Kommentar: Ideologische Appelle helfen nicht
24. November 2005
An der Zuwanderung schieden sich schon immer die Geister: Während für das rechte Lager in Industriestaaten wie Deutschland die Aufnahmekapazität meist schon erschöpft ist, verklärt das linke Lager den enormen Nutzen, den die heile Multi-Kulti-Traumwelt der Gesellschaft bringen soll. Beides ist falsch. Für die Lösung der Migrationsfragen braucht es keine Ideologien, sondern Ehrlichkeit. Und zu dieser Ehrlichkeit gehört die Feststellung im jüngsten Bericht der Globalen Kommission für internationale Migration (GCIM), dass die meisten Migranten eben keine Flüchtlinge sind, sondern dass sie schlicht und ergreifend auswandern, weil sie anderswo besser zu leben glauben. Nach rechter Leseart wären sie demnach Wirtschaftsflüchtlinge.

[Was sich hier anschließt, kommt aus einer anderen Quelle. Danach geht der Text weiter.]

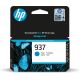 8. HP Original Cyan Ink Cartridge 937
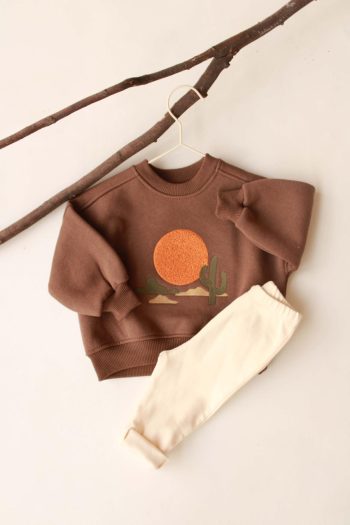 Mountain Embroidered Baby Outfit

Wahr ist aber auch, dass eine Gesellschaft wie die deutsche angesichts der demographischen Entwicklung Zuwanderung braucht. Das hat inzwischen selbst das rechte Lager verstanden. Allerdings macht Zuwanderung nur dann Sinn, wenn es auch eine Integration gibt. Nicht ein multi-kulturelles Nebeneinander ist das Ziel, sondern ein integriertes Miteinander.
Auch die Migranten sind gefordert
Es gibt daher keine Frage mehr des Ob, sondern des Wie - und dies betrifft beide Seiten, die Inländer und die Zuwanderer. Die Inländer müssen die integrationsbereiten Zuwanderer nicht nur dulden, sondern ihnen eine echte Perspektive bieten. Was sie brauchen ist nicht nur eine Aufenthaltserlaubnis, sondern die Chance, als gleichberechtigter Teil der Gesellschaft anerkannt zu werden. Und dazu muss viel investiert werden, nicht zuletzt in Bildung und Ausbildung von jugendlichen Migranten.

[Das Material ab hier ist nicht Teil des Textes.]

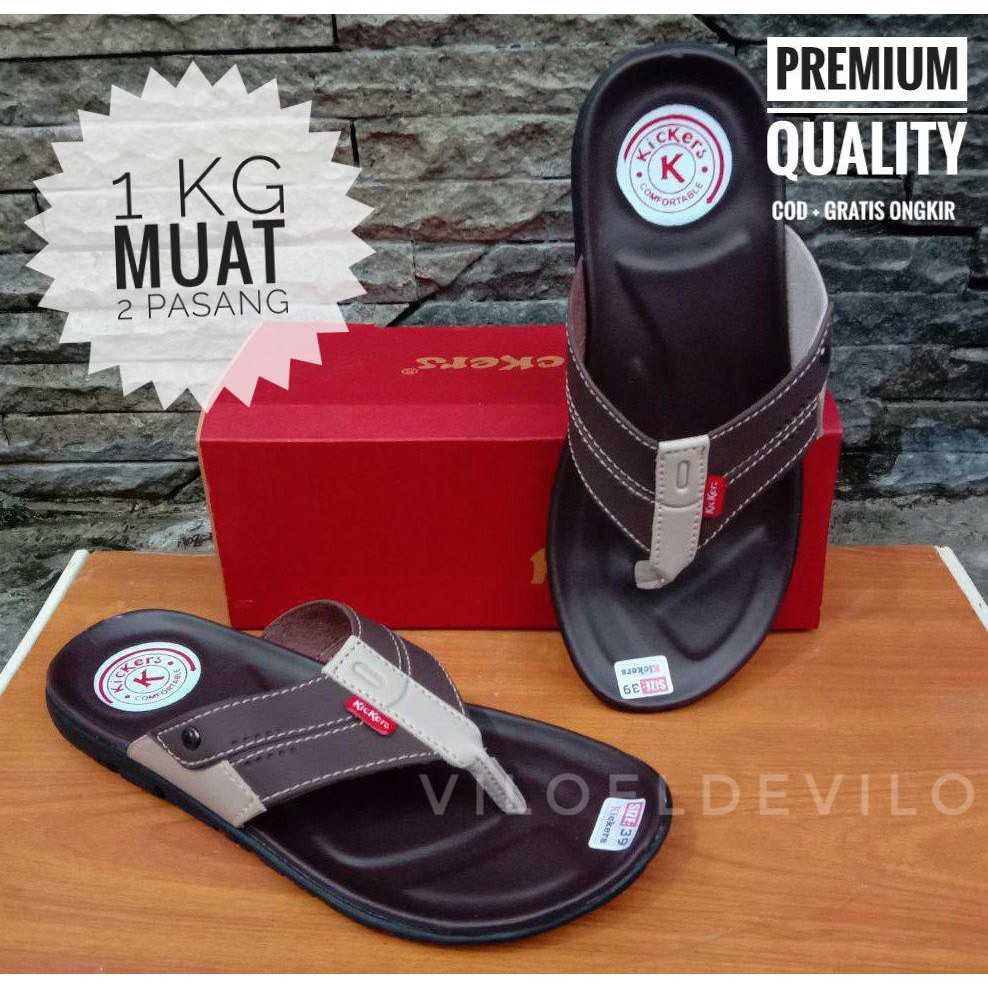 Sandal Kulit / Sandal Pria / Sandal Jepit/ Sandal Casual Pria/ Sandal Japit (JEPIT kombinasi PRIA)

Eine ehrliche Integration klappt aber nur, wenn sich die Migranten ganz klar entscheiden, ein Teil dieser Gesellschaft sein zu wollen. Und dazu gehört nicht nur die Kenntnis der Sprache, sondern vor allem das klare Bekenntnis zu ihren Freiheiten und Grundrechten.
Perspektiven in den Heimatländern schaffen
Der Migrationsbericht GCIM steckt voller ideologischer Appelle: Immer wieder verweist die Kommission vor allem auf die Potenziale von Migranten. Wenn sie in ihre Herkunftsländer zurückkehrten, brächten sie Wissen und Demokratie-Erfahrung mit. Sie könnten damit einen Beitrag zu guter Regierungsführung und dem Aufbau einer Zivilgesellschaft leisten. Das stimmt. Der kleine Schönheitsfehler bei dieser Überlegung ist nur, dass viele Migranten eben nicht irgendwann in ihre Heimat zurückkehren, sondern dass sie sich in einem anderen Land eine neue Heimat aufbauen - in Ländern wie Deutschland beispielsweise.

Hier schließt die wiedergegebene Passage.